§ **WHAT TO PRODUCE**
Nothing but a number is wanted: the count of lines in the records below that include "VMware".

§ **SOURCE MATERIAL**
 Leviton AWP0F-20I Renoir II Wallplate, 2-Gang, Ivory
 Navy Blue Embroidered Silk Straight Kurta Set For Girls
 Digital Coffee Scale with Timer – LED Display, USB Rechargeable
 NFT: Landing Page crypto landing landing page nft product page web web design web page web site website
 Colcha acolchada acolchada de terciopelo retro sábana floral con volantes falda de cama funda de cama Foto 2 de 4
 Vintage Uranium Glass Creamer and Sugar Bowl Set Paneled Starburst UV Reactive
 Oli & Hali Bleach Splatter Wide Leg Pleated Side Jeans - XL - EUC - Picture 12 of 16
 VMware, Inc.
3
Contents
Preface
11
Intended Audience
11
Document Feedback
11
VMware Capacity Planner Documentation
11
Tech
---
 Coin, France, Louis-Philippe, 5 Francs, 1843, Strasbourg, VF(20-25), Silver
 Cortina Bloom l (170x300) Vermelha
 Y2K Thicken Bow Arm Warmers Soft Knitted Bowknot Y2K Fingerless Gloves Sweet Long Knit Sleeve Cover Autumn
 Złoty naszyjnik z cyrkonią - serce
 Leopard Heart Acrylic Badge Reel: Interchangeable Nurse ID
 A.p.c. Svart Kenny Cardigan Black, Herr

§ **WRITTEN SOLUTION**
2